Дальше – хуже, потому что ливийская война привела к тяжелому расколу, когда впервые вообще в послевоенной истории Германия дистанцировалась от позиции Франции, воздержавшись в Совете Безопасности. Это вызвало настоящий шок, потому что такого никто не ожидал. То есть никто не ожидал, что Германия отправит войска в Ливию, но политическая поддержка считалась само собой разумеющейся. Остальные европейские страны заняли, в общем, вяло-пассивную позицию. В результате получилась пародия на Суэцкий кризис 1956 года, когда бывшие колониальные империи, Франция и Англия, пытаются укрепить свои позиции, но при этом у них явно нет для этого ни возможностей, ни ресурсов, ни уже умения. Доходит до смешного, когда генсек НАТО, которую все-таки втянули в это дело, буквально выпрашивает какие-нибудь дополнительные снаряды, никто особенно не готов их предоставлять, потому что у всех кризис, у всех сокращение. Европа, как мне кажется, в результате этих событий очень сильно потеряла. Параллельно начинается серьезнейший кризис, связанный с беженцами. А результат его будет глубоко политическим, потому что отказ в помощи Италии и ответные «бяки», которые Италия начинает делать соседям, заставляет думать, что можно поставить крест на самой идее европейской солидарности, которой так там гордились и хвастались.

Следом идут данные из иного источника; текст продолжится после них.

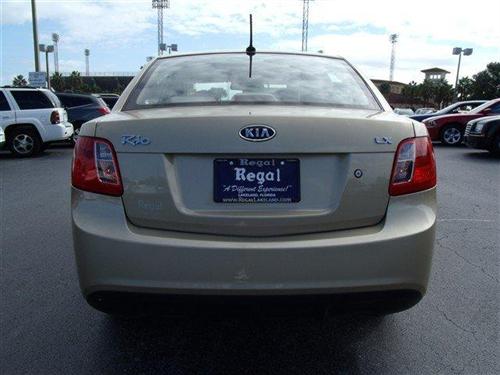 Kia Rio 2011 photo 1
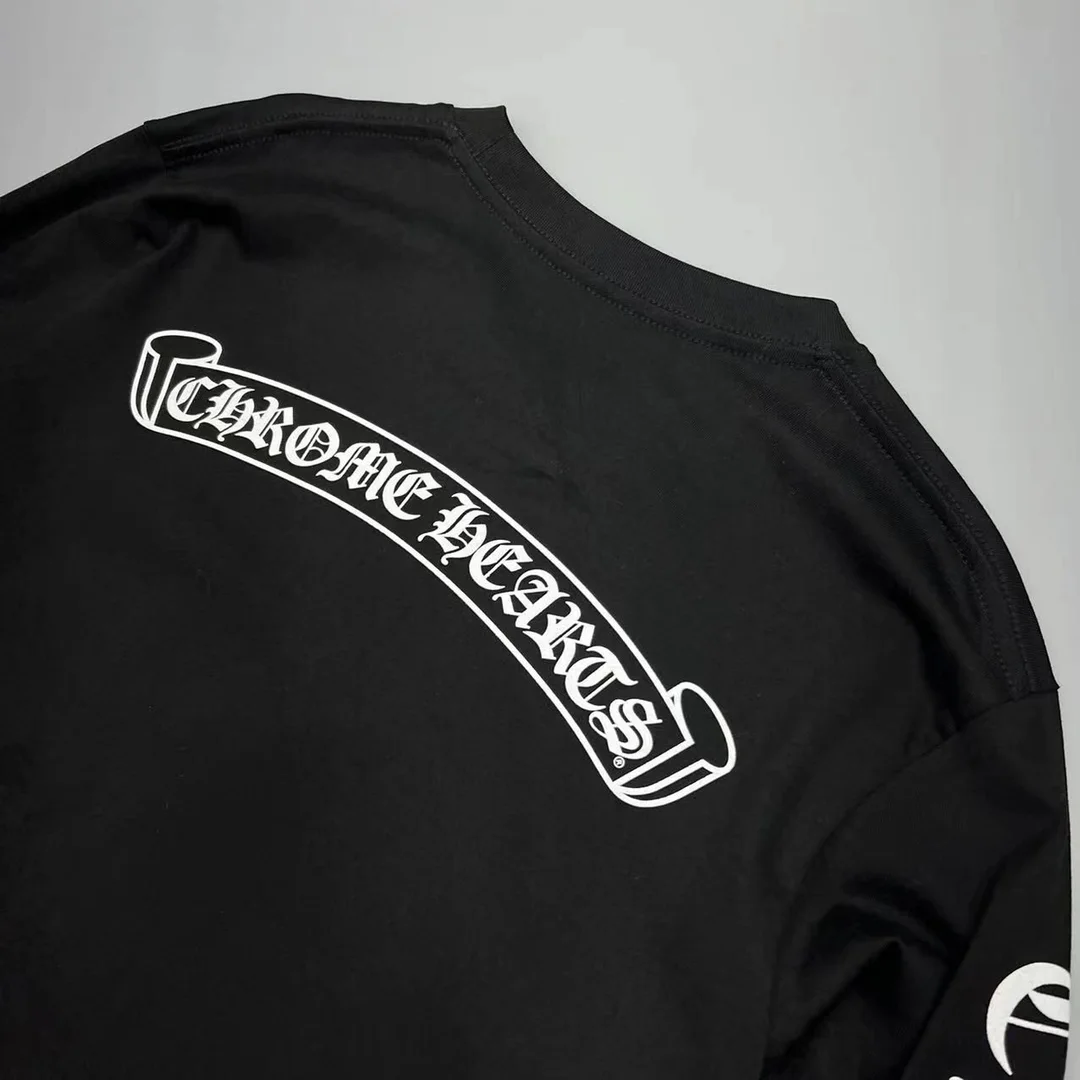 크롬하츠 스크롤 로고 롱 슬리브 티셔츠 (2color)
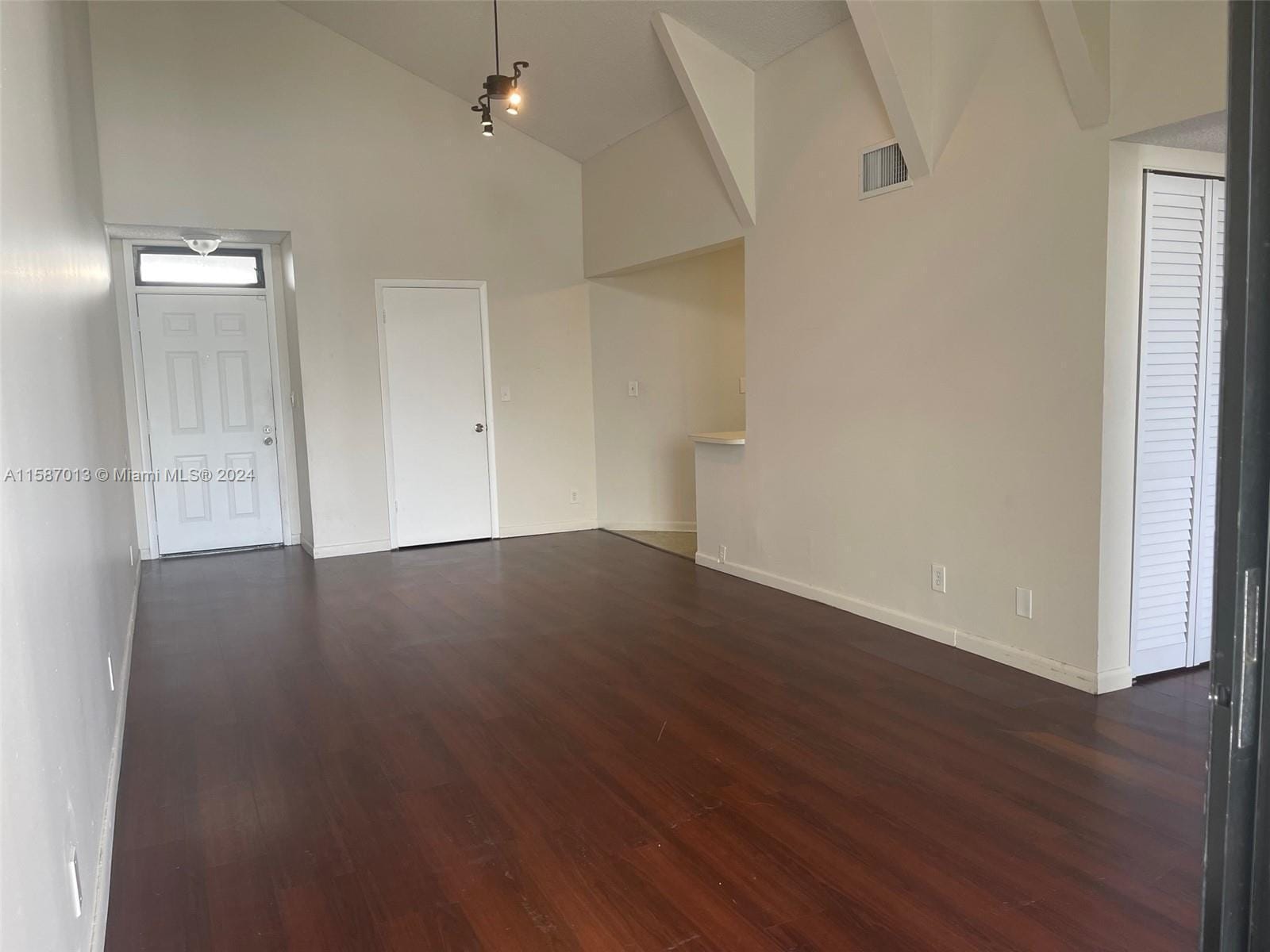 212 Lake Pointe Drive 313 — photo 5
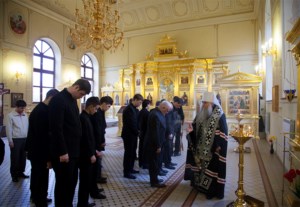 Вечернее богослужение на Архиерейском подворье — храме во имя святого апостола и евангелиста Иоанна Богослова при Саратовской православной духовной семинарии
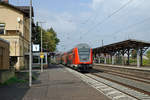 DB: Bahnalltag vom Bahnhof Brohl.
Am 23. September 2017 konnten innert kurzer Zeit mehrere Züge beim Passieren des Bahnhofs Brohl beobachtet werden.
Foto: Walter Ruetsch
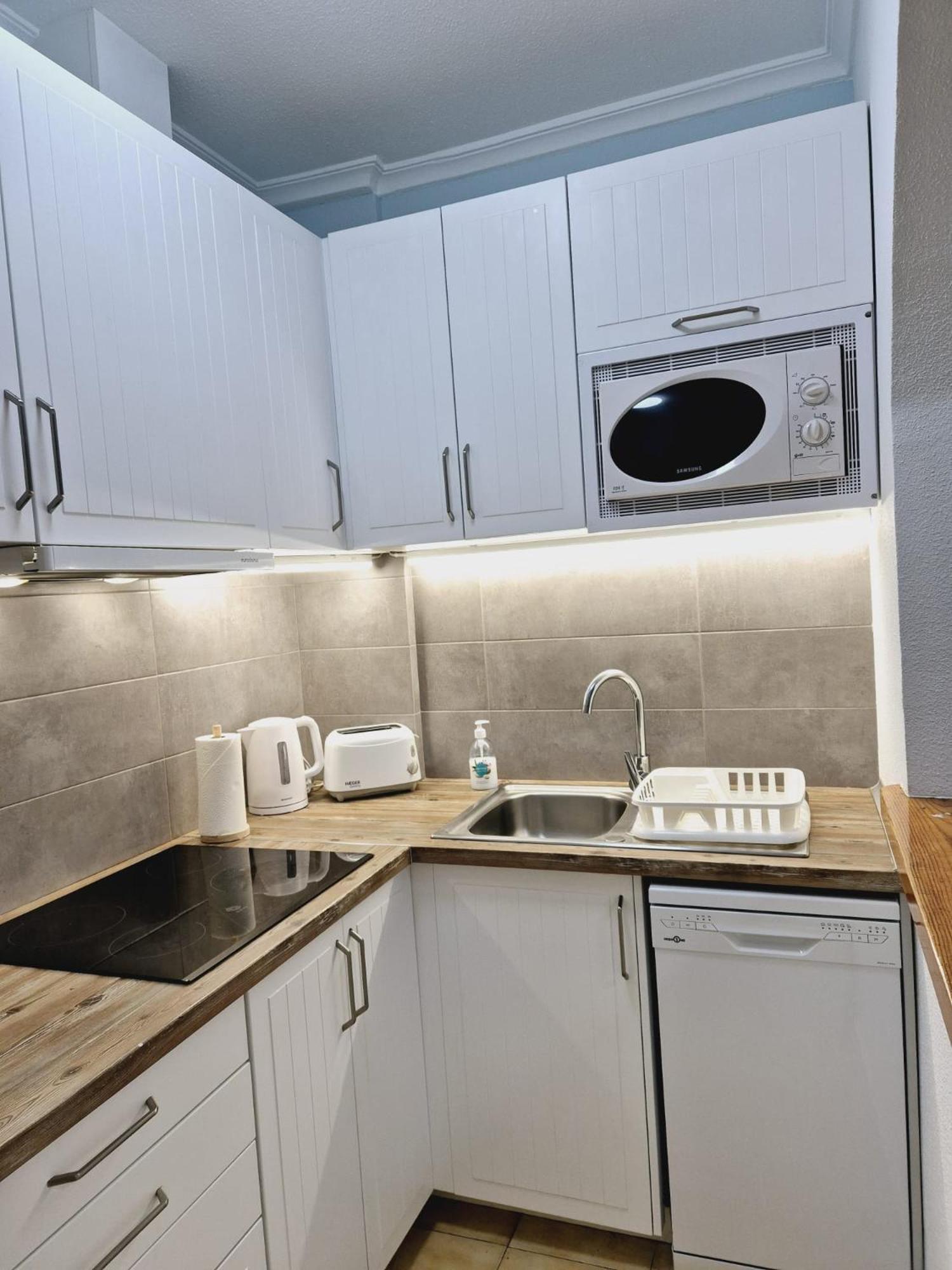 La Casa De Veronica - Serene Apartment With Shared Pool, Steps From The Beach Торрев'єха Екстер'єр фото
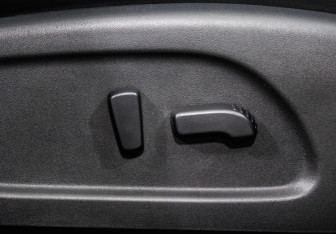 Подержанный автомобиль Infiniti QX60 2014 года (20 фото)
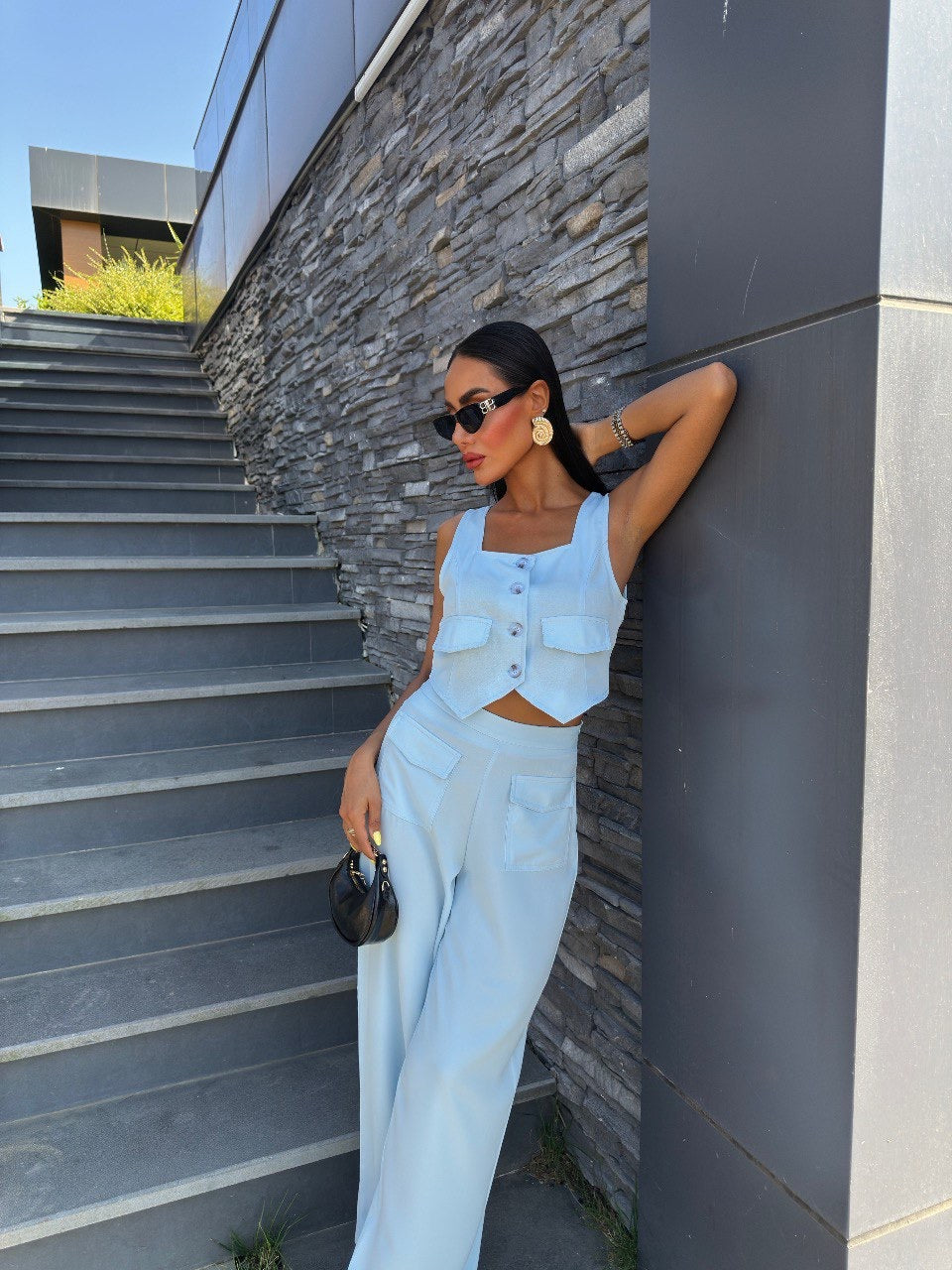 Sleeveless set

Проблемы Европы приводят к состоянию политического аутизма, когда континент занят исключительно своими внутренними делами. В результате получается внешнеполитическая кома. Выясняется, что даже в таком остро необходимом регионе, как Северная Африка, никто ничего не может сделать.
– Мы говорили, что события на Арабском Востоке – региональные. Но отчасти они позволяют высвечивать проблемы по всему миру. Так ли они локальны?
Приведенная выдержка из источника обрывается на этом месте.